営業活動で商談を成功させるためには「決裁者」「予算」「導入タイミング」などを理解して、適切なアプローチを行うことが大切です。
商談を成功させる要素を聞き出すためにフレームワーク「BANTC」を活用しましょう。
BANTCを上手く活用すれば、提案力が向上して契約が獲得できるようになります。
今回はフレームワークBANTCについて解説します。商談を成功させる要素を聞き出すテクニックまでご紹介しているため、ぜひ参考にしてみてください。
BANTCとは
BANTCとは、ヒアリングする際に用いるフレームワークです。5つの要素の頭文字を取っています。
- Budget(予算)
- Authority(決裁権)
- Needs(需要)
- Timeframe(導入時期)
- Competitor(競合)
5つの要素をヒアリングしておくことで「予算はどれぐらいあるのか?」「導入時期はいつ頃になるのか?」「受注確度はどれぐらいか?」を把握でき、適切なアプローチができるようになります。
BANTC項目とヒアリング例
BANTCは「Budget(予算)」「Authority(決裁権)」「Needs(需要)」「Timeframe(導入時期)」「Competitor(競合)」の頭文字です。5つの要素について「なぜ聞くべきなのか?」「どのようにヒアリングすべきなのか」を理解しておきましょう。
Budget(予算)
Budget(予算)をヒアリングする目的は、顧客の予算を把握して最適なサービスを提案することです。

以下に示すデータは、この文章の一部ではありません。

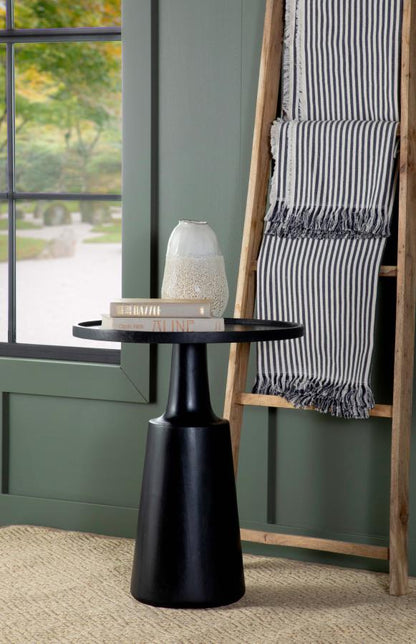 Izzy Black Accent Table -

予算を把握することができれば、無理のない範囲で導入できるサービスプランを提案できて、スムーズに契約につなげられるようになります。
ヒアリング例
- 「ご予算はどれぐらいをお考えですか?」と質問する
- 「予算内でサービスを購入する際に重視する点はどこですか?」と深堀りをする
- 顧客がどの程度の予算で課題を解決したのか事例を紹介して反応を見る
Authority(決裁権)
Authority(決裁権)をヒアリングする目的は、意思決定の権限を持つ人物が誰であるかを特定することです。
権限を持つ人物を特定して紹介してもらえれば、アプローチから契約までの期間を縮めることができます。
ヒアリング例
- 「サービス導入における意思決定者はどなたですか?」と尋ねる
- 「サービス導入検討に関与している部門やメンバーをお伺いしてもよいですか?」と聞く
Needs(需要)
Needs(需要)をヒアリングする目的は、顧客ニーズを理解して、どのような解決策を提案すべきか判断できるようにすることです。
相手に役立つ情報を提供することで信頼関係が築けるようになり、自社サービスを導入してもらえるようになります。
また、顧客ニーズに合うようにサービスをカスタマイズする際にも役立つ情報です。
ヒアリング例
- 「現在、業務上で最も課題に感じていることは何ですか?」と尋ねる
- 「業務に影響が出た例を教えて頂けますか?」と質問する
- 「現在、使用しているサービスに満足していますか?」と確認する
Timeframe(導入時期)
Timeframe(導入時期)をヒアリングする目的は、顧客のサービス導入予定時期を理解することです。
サービス導入予定時期を把握しておけば、再アプローチしやすくなります。また、契約を獲得しやすくなります。
ヒアリング例
- 「サービス導入をいつご予定ですか?」と聞く
- 「導入スケジュールについて、もう少し詳しく教えていただけますか?」と訪ねる
- 「過去に新サービスを導入する際、どのようなスケジュールでしたか?」と聞く
Competitor(競合)
Competitor(競合)をヒアリングする目的は、顧客が検討しているサービスがどのようなものかを把握することです。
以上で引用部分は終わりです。